Logitech app security flaw allowed keystroke injection attacks
Logitech has released a security patch for one of its apps after it previously ignored a bug report from the Google Project Zero security team for three months.
The vulnerability was found in versions of Options, a Logitech app that lets users customize buttons and the behavior of their mice, keyboards, and touchpads.
Back in September, Google security researcher Tavis Ormandy discovered that the app was opening a WebSocket server on users’ computers.
The problem was that this server featured support for a bunch of intrusive commands, used a registry key to auto-start on each system boot, and came with a lackadaisical authentication system.
“The only ‘authentication’ is that you have to provide a PID [process ID] of a process owned by your user,” said Ormandy in a bug report, “but you get unlimited guesses so you can bruteforce it in microseconds.”
“After that, you can send commands and options, configure the ‘crown’ to send arbitrary keystrokes, etc, etc.,” the expert said, suggesting the app could be a perfect attack surface for both local and remote keystroke injection (Rubber Ducky) attacks that have historically been used to take over PCs.
Ormandy reported the issue to Logitech in mid-September.
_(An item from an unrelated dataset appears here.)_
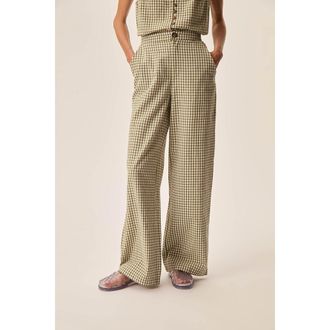 des petit hauts Gingham broek met wijde pijpen, UGUETA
But while the Logitech team acknowledged the bug report, the company never shipped a patch.
“I […] had a meeting with Logitech engineers on the 18th September, they assured me they understood the issues and were planning to add Origin checks and type checking,” Ormandy said. “There was a new release on October 1st, but as far as I can tell they did not resolve any of the issues.”
Seeing that after 90 days the company failed to address the privately reported issue, Ormandy revealed his findings on Tuesday, this week.